Performance of the beta distribution is comparable to performance of the gamma distribution when examined against the transformed data. It seems to provide a reasonable fit to the transformed data. The lognormal distribution would appear to fit the transformed data better. But there is absolutely no a priori reason to think that a lognormal distribution would be appropriate AND the lognormal distribution does not have finite range which is suspected here. Thus, reason for choosing the lognormal distribution is based only on empirical best fit evidence rather than any theoretic arguments. In sample data (particularly if the sample size is small), it should not be surprising to find that the true theoretical distribution is not the best fitting distribution.

I specified parameters theta and sigma of the beta distribution. (Note that theta=0 is the default and didn't really need to be specified above). The beta distribution also has two additional shape parameters, alpha and beta. The relationship between alpha and beta determines both skewness and kurtosis. If beta>alpha, the distribution is skewed right. If alpha>beta, the distribution is skewed left. It may be observed from the estimates provided by the code above that these shape parameters are simply swapped when the transformed data is modeled instead of the sample data. That is, alpha(X)=beta(Y) and beta(X)=alpha(Y) where (X) and (Y) indicate modeling of variables X and Y, respectively.
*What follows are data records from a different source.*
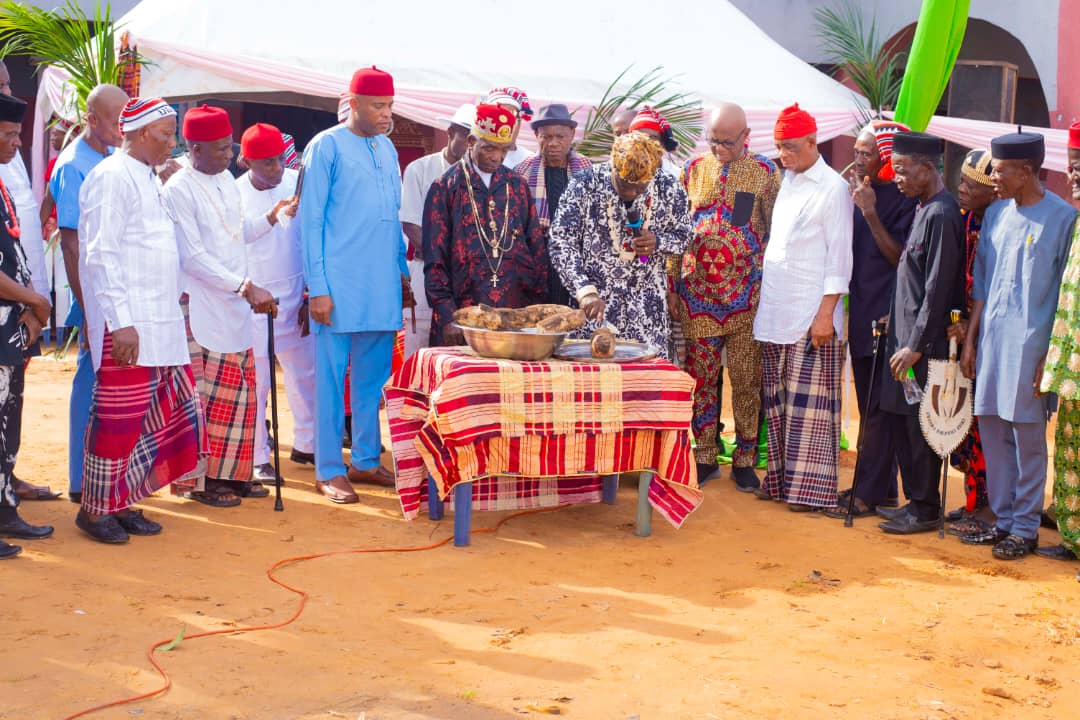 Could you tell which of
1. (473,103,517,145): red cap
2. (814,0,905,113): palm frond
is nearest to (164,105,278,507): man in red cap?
(473,103,517,145): red cap

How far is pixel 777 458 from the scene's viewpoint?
6.93 m

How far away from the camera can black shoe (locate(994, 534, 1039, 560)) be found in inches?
234

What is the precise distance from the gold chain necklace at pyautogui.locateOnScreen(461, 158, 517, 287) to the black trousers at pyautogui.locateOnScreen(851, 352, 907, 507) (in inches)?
81.4

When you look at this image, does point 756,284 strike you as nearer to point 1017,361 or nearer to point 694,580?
point 1017,361

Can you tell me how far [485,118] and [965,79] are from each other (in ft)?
28.1

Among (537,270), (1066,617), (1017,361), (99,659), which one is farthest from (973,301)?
A: (99,659)

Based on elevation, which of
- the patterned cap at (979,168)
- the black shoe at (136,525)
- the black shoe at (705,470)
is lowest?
the black shoe at (136,525)

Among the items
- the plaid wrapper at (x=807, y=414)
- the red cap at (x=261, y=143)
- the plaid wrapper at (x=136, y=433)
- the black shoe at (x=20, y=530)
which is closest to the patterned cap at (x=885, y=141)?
the plaid wrapper at (x=807, y=414)

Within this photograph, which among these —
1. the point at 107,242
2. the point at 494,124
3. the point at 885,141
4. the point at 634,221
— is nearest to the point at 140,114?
the point at 107,242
There is much more that could be written on the beta distribution. But I think the above is sufficient for the problem given here. Hope this is of interest to some.

2. Kailyn Bare on

Hi Dr. Wicklin,

Thank you very much for this post. I have been searching for the most appropriate way to handle my data in preparation for regression analysis, and this seems like a great option. My outcome variables (and their residuals) are negatively skewed beyond what would be appropriate for analysis. I am using multiple imputation, so I don't feel comfortable doing a log-transformation because I am concerned about introducing bias in the imputation. Based on this post, I think my best bet will be to reverse code all of my predictor and outcome variables (so that interpretation will be more intuitive). I will then create generalized linear models and specify a gamma distribution, which will account for the skewness of the now positively coded variables. I am doing my analyses in R rather than SAS but I believe the principles still apply. I considered the advice of the commenter above but I don't think beta analyses will be appropriate for me given my outcome variable is not conceptualized as a proportion or percentage.

I am curious whether you have a publication I can cite that recommends this approach or if you are aware of an article that has implemented this method. I am looking for something to cite in my thesis as an example of why this approach is necessary.

Thank you again,

Kailyn Bare

• Wicklin, Rick (2016), “Sometimes You Need to Reverse the Data before You Fit a Distribution,” The DO Loop, 2 Nov. 2016, blogs.sas.com/content/iml/2016/11/02/reverse-data-before-fit-distribution.html.